**Problem statement**
Return the listing exactly. Keep no pictures.

**Material provided**
○ ○ ○ ○ ○

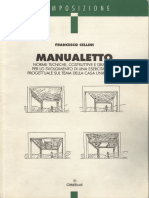 manuale-cellini.pdf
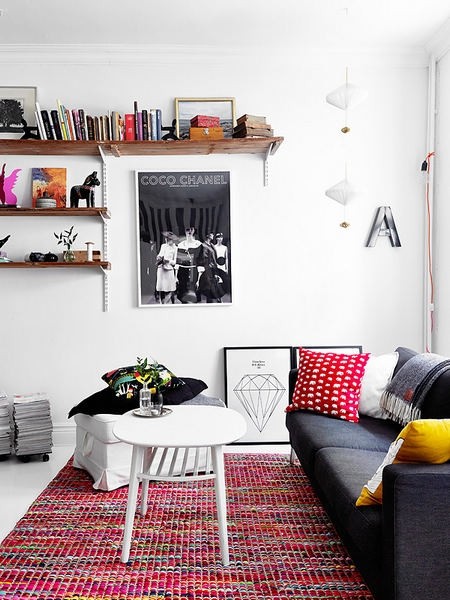 54ƽ�ڰ׼t��С��Ԣ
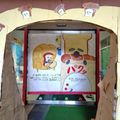 郡山女子大学短期大学部 もみじ会(文化祭)＆ミニオープンキャンパス　※高1～2年必見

○ ○ ○ ○ ○

**Answer box**
 manuale-cellini.pdf
 54ƽ�ڰ׼t��С��Ԣ
 郡山女子大学短期大学部 もみじ会(文化祭)＆ミニオープンキャンパス　※高1～2年必見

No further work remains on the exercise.